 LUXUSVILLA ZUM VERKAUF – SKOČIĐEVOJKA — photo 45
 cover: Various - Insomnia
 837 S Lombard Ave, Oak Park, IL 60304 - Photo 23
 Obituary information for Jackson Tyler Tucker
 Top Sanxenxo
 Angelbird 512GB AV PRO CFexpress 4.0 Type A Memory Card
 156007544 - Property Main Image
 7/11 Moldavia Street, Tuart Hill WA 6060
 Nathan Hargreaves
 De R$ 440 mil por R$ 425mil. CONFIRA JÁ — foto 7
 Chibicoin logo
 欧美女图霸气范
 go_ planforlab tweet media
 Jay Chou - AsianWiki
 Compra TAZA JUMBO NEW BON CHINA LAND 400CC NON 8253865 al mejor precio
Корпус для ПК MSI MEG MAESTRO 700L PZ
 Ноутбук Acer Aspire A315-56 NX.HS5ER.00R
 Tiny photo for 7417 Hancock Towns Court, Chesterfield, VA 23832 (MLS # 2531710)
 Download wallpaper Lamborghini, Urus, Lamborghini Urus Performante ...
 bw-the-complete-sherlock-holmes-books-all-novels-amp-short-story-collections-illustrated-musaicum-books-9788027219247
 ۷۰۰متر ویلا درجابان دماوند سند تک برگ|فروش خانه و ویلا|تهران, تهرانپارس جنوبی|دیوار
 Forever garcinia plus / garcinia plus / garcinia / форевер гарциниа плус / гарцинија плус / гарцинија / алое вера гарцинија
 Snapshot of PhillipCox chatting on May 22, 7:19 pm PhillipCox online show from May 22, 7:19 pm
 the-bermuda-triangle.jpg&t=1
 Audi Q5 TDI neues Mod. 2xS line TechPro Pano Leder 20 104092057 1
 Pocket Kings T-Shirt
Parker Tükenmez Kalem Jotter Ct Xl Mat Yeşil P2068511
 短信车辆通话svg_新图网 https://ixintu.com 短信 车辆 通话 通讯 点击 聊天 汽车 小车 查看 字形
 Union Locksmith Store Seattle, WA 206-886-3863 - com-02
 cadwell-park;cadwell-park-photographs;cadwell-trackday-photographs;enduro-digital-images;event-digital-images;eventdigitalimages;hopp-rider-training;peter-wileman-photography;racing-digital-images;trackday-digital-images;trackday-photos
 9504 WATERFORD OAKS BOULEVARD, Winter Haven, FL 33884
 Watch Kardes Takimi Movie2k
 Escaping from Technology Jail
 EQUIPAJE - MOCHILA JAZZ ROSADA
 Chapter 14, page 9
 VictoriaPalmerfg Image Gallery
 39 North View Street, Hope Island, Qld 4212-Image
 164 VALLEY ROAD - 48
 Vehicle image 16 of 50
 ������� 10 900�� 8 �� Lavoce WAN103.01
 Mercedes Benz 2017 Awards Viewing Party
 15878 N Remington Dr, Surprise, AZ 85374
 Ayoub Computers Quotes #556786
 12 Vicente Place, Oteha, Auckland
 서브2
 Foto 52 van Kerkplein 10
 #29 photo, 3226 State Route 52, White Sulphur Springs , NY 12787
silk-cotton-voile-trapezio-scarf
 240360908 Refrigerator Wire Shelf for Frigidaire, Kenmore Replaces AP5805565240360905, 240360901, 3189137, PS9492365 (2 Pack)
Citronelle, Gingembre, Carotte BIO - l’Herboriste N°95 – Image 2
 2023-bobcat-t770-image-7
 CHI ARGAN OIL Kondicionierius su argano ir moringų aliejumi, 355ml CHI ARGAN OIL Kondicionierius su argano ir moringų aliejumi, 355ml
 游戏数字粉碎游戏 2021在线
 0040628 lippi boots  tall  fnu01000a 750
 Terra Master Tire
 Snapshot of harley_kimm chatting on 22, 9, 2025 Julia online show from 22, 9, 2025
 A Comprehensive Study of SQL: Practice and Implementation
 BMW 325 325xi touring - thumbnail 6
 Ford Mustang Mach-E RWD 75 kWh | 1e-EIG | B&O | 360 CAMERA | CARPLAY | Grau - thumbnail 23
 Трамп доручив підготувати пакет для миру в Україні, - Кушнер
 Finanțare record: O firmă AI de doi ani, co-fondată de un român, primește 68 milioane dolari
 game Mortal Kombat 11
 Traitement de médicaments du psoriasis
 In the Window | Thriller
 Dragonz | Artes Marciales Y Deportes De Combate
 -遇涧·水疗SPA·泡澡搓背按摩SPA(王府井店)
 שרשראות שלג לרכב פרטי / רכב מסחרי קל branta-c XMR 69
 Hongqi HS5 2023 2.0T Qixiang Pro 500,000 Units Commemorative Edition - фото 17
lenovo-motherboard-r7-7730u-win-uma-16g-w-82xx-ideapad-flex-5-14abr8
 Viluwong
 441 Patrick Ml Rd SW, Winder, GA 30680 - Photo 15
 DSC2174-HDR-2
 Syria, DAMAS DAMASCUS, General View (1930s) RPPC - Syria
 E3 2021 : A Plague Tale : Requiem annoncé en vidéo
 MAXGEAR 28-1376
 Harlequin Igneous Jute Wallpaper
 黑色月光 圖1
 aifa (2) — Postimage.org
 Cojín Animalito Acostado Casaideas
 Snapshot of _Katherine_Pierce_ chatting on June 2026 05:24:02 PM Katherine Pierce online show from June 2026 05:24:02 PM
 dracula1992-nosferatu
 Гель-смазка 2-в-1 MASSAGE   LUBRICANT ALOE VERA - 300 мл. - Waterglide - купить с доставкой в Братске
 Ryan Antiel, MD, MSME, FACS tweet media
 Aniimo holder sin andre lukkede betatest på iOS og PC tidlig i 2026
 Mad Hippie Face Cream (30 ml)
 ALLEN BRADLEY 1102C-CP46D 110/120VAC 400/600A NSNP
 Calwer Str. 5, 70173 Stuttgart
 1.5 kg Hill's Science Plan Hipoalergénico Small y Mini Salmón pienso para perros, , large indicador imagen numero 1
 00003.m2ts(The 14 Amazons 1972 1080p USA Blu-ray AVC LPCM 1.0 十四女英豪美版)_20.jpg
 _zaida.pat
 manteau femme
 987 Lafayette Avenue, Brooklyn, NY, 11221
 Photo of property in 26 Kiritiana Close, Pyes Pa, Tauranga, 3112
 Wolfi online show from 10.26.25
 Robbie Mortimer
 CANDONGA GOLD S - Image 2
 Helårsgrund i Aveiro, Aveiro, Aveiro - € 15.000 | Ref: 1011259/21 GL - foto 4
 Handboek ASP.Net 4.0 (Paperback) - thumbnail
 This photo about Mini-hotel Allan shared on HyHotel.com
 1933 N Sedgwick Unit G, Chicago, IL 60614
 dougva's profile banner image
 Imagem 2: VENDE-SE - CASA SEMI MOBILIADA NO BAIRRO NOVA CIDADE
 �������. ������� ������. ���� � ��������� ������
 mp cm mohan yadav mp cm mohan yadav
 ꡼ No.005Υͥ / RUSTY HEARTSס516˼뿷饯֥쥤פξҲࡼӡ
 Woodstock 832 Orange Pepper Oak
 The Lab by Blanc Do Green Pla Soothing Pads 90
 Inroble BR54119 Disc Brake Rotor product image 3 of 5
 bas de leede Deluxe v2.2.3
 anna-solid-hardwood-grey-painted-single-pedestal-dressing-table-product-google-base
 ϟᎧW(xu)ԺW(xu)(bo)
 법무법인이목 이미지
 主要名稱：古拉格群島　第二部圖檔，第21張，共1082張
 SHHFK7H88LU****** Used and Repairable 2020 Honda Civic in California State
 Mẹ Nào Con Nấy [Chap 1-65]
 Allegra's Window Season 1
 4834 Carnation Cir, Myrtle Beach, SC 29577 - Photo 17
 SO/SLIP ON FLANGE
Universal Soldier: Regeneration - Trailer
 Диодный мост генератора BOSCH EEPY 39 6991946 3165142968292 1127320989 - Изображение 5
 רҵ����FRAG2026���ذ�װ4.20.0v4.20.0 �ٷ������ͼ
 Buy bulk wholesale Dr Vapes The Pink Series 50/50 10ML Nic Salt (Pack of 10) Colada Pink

# TO DO
Search the preceding listing for "Street", then copy every line that holds it.

# COMPLETED EXERCISE
 7/11 Moldavia Street, Tuart Hill WA 6060
 39 North View Street, Hope Island, Qld 4212-Image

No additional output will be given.